Baba mesleği olan bakkal işletmeciliği yapan Ömer Güven iki çocuk babası. Aile mirasından kalan “Hemşin Gıda” bakkalı elli iki yaşındaki karı kocanın işletmeciliğinde. Senelerdir açık olan bakkal krizin eşiğinde. Ömer Güven ve Cemile Güven Türkiye’yi saran salgın nedeniyle sorunlarla karşılaştıklarını şu sözlerle ifade ediyorlar: "Dünyada yaşanan bu Koronavirüs salgını insan sağlığını etkiliyor ve bizleri de etkisi altına aldı. Bir sokak arkamızda büyük market bulunuyor. İnsanlar sıraya giriyor, dakikalarca bekliyorlar kasa sırasında ve marketi adeta yağmalıyorlar. Marketler fiyatları yükseltiyor, biz ise geliş fiyatından ürünleri satıyoruz. Markette yirmi iki liraya kolonya satışı mevcut, biz ise on bir liraya bir şişesini satıyoruz. Eski günlerde günde kırk-elli arasında müşteri geliyordu, şimdi ise günde dört beş kişi zor geliyor. Marketler ise her gün tıklım tıklım. Önceden her gün ekmek alan insanlar bile artık gelmez oldu. Ekmeklerimiz bayatladı.”
Dilek Yılmaz: “Açlık değil, tedbirsizlik insanları öldürebilir"

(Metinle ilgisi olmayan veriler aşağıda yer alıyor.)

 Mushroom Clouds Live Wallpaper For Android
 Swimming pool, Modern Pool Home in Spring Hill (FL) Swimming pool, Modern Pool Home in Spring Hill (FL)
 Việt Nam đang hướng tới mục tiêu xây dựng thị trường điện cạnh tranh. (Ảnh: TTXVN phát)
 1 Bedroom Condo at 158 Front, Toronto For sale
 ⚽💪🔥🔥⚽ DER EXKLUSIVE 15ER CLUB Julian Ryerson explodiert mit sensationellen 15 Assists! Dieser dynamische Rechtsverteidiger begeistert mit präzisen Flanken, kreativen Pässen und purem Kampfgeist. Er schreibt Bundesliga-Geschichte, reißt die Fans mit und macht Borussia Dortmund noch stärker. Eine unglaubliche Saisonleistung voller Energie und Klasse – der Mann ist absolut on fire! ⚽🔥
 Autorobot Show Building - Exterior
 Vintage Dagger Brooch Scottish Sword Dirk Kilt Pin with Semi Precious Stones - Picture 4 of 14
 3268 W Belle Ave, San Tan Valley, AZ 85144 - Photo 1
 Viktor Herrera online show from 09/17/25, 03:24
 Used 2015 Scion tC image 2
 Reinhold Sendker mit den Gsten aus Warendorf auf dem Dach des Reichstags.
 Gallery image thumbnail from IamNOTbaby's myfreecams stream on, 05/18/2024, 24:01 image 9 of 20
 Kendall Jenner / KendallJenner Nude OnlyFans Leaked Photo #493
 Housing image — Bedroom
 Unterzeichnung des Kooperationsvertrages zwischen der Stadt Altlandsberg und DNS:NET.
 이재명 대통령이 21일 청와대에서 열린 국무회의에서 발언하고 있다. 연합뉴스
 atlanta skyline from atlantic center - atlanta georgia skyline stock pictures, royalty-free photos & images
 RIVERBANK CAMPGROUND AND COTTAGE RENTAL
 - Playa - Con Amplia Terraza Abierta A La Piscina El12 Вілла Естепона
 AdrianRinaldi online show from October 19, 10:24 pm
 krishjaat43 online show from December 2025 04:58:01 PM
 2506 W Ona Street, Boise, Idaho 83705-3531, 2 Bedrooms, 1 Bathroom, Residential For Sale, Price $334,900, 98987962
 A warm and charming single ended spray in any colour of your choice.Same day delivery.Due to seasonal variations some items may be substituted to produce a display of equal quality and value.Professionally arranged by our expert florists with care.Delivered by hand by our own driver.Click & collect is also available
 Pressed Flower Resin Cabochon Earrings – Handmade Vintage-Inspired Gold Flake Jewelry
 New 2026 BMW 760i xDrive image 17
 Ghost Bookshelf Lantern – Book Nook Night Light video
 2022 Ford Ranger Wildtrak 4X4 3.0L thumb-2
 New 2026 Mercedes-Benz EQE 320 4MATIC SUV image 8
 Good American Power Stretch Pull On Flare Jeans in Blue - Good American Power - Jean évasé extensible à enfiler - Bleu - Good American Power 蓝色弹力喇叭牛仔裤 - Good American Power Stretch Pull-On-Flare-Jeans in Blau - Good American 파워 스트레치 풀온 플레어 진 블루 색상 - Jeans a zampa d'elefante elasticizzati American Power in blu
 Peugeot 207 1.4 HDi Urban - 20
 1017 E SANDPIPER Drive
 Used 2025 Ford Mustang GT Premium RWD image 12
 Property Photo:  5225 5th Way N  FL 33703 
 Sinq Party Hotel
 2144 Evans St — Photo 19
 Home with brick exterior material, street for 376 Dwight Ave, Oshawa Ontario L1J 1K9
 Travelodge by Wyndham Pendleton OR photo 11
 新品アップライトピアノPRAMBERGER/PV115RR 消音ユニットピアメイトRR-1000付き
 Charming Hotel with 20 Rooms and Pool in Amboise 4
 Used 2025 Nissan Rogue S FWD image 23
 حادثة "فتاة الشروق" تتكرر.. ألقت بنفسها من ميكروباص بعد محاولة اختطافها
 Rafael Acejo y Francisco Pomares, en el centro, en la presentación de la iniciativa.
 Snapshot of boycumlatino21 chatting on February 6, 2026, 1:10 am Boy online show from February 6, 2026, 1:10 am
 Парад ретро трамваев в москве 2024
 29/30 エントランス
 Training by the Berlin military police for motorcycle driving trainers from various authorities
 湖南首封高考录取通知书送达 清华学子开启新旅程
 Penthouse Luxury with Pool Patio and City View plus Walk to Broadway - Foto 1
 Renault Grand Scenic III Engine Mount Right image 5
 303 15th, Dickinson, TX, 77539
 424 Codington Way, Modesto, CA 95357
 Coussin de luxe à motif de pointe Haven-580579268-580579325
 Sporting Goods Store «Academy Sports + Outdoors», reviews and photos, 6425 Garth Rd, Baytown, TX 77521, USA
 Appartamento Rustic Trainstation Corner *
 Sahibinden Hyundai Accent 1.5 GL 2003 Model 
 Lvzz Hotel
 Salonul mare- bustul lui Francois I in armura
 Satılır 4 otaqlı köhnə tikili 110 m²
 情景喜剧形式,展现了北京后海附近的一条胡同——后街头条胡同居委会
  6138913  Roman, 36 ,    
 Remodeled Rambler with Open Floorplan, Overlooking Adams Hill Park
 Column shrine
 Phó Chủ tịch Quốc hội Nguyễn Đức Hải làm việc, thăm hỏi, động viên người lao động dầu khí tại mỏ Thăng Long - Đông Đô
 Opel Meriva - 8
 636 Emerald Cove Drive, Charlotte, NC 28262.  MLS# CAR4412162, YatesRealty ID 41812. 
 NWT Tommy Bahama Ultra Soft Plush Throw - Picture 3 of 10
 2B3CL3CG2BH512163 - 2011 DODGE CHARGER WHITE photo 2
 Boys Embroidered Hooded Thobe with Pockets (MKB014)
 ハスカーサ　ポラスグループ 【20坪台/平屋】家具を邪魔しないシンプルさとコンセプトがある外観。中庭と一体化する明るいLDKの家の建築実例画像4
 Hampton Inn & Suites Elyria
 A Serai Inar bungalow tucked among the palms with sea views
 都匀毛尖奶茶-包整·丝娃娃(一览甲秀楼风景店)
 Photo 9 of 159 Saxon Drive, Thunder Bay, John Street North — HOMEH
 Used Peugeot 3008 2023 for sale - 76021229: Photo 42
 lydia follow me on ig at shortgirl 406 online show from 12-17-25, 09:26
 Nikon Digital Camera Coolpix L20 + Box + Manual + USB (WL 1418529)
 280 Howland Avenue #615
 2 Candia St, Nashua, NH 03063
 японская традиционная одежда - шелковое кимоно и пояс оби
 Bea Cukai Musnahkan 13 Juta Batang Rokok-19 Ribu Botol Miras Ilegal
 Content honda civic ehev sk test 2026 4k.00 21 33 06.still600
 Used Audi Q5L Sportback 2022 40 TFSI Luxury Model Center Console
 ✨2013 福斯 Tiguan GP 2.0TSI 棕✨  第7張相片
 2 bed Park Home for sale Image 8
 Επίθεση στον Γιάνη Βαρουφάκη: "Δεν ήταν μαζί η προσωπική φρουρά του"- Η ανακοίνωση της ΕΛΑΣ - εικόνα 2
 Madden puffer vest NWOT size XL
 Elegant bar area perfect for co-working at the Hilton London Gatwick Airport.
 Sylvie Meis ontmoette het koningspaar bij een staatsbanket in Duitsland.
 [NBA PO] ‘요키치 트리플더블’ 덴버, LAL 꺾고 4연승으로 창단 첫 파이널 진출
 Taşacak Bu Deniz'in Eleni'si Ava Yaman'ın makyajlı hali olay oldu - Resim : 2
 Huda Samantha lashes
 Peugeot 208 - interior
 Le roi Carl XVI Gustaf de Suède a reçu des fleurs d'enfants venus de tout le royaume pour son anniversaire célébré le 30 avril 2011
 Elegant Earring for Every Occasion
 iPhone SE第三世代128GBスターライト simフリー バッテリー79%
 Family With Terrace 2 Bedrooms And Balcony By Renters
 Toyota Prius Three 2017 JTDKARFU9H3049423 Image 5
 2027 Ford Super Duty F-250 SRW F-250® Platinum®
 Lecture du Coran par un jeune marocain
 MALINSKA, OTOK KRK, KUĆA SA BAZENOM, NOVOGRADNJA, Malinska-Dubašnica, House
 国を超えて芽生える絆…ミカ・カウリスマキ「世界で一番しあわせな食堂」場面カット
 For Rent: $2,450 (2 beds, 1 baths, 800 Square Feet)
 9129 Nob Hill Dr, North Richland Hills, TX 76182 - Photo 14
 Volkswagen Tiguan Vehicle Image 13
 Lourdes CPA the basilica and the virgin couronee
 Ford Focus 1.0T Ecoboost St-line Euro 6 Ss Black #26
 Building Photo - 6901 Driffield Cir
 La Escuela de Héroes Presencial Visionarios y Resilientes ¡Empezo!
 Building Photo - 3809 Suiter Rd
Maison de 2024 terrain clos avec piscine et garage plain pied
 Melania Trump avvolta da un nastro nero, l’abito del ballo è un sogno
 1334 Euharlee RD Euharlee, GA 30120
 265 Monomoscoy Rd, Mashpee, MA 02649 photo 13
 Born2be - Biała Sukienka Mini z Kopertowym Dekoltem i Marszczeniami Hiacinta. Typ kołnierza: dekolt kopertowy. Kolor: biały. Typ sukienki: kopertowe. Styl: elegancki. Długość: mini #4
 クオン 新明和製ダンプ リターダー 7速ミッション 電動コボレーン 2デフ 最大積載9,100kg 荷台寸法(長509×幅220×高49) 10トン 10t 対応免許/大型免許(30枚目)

Markette kasiyerlik yapan Dilek Yılmaz'la da konuşuyoruz. Medyanın kendisini ve insanları nasıl etkilediği sorusuna şu cevabı veriyor: “Büyük bir salgının görüldüğü bir dönemdeyiz. Medyada yazılan her şey doğru olmasa da işin uzmanlarını takip ederek asıl cevabı alabiliriz. Sağlık Bakanı virüs hakkında sürekli olarak sosyal medya hesaplarından bilgilendirme yapıyor. İnsanlar her an panik havasında ve doğru birimlerden gereken haberi almak için dikkatli olmaları gerekiyor. Medyada asılsız birçok haber var. Bence insanları etkisi altına alan medya doğru haberciliği ön plana çıkarmalıdır." Markette son zamanlarda en çok hangi ürünlerin satışında artış olduğu sorusuna Dilek Yılmaz, dokuz günlük (11.03.2020-20.03.2020) satış kayıtlarına ve eksilen ürünlere bakarak şu cevabı veriyor: “Neredeyse önceden kolonyaların üstü tozlanırdı ve satışı en az ürünlerden biriydi. Son zamanlarda kolonya ve parfüm ürünleri ve beraberinde un, makarna, hazır konserve yiyecekleri, derin dondurucuda bulunan uzun vadeli yiyeceklerde yoğun bir satış gerçekleşti. İlk vakanın kayıtlara geçtiği ve haberinin geldiği gün market arabaları ile müşteriler neredeyse tüm malzemeleri satın aldı diyebilirim. Bence bu kıtlıktan çıkmış gibi olan durum yanlış. İnsanlar açlıktan değil, tedbirsizlikten ölebilir.” Market çalışanlarının ne gibi tedbirler aldıkları sorumuza da şu cevabı veriyor: “Bizler de her insan gibi bu virüsten korkuyoruz. Ama çalışmalarımıza ara vermemiz söz konusu olamıyor maalesef. Çalıştığımızda eldiven takıyoruz ve müşterilere bir metreden de yakın bir mesafeden ürünleri verdiğimiz için, onlardan gelebilecek herhangi bir öksürme gibi durumdan uzak kalmak için tek kullanımlık maskeler takıyoruz. Bizler de kendimizi bu şekilde korumaya alıyoruz. Öğlen ara saatlerinde dezenfekte ilacıyla ellerimizi korumaya alıyoruz. İnsanlarla sürekli olarak temasta olduğumuz için bizleri için de zor bir durum. Umarım bu salgın bir an önce biter.”